Ce matin, c’est le centième livre.
Mes amis sont sensibles au nombre et au temps:
3650 pages sans compter les années bissextiles. Soit environ 36 ouvrages de 100 pages en moyenne sur 10 ans, soit 3 à 4 livres par an.
— Alors, là, c’est un sacré chantier!
— Déjà qu’avec sa propre bibliothèque, si en plus celle de sa voisine
!
Ça me plait beaucoup. Pas sûre que tu tiennes 10 ans, mais je veux bien parier.
— Comme la vie passe.
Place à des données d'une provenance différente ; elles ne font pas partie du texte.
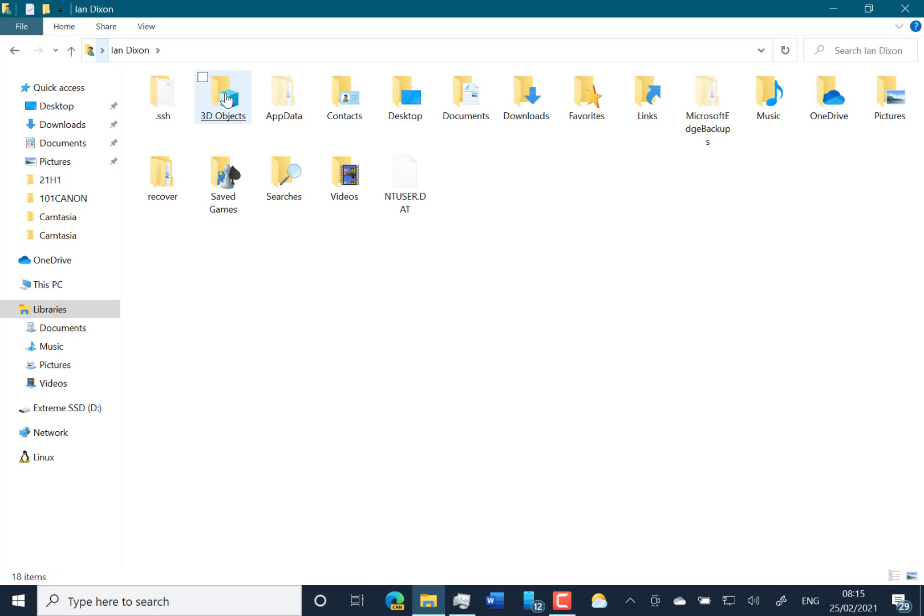Paint3D used to use that a lot. I don't know whether that means Paint3D is on the way out or just no one used that part of it anyway. So that's gone.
Dommage, je commençais à m’y habituer…

Ou à la variété:
— Quelle merveille que cette herborisation dans tes chemins littéraires; c’est le contraire du désherbage pratiqué par les bibliothécaires, une surprise et une dégustation toujours renouvelées.
— C’est un peu comme une exposition des traces qui nous (t’)on construit(e)s, et ça ouvre plein de petites fenêtres sur l’immensité du vivant.
— J’imagine une cuillère de pâtes au sucre une fourchette de lapin aux pruneaux une lichette de pommard un morceau de gâteau au chocolat une patte de tourteau à Port-Vendres…
A la virtualité:
— Si j’ai bien compris, tu donnes tes bouquins?
— T’es tellement bouleversée de les jeter (même virtuellement) que tu en fais des fautes d’orthographe, c’est dire!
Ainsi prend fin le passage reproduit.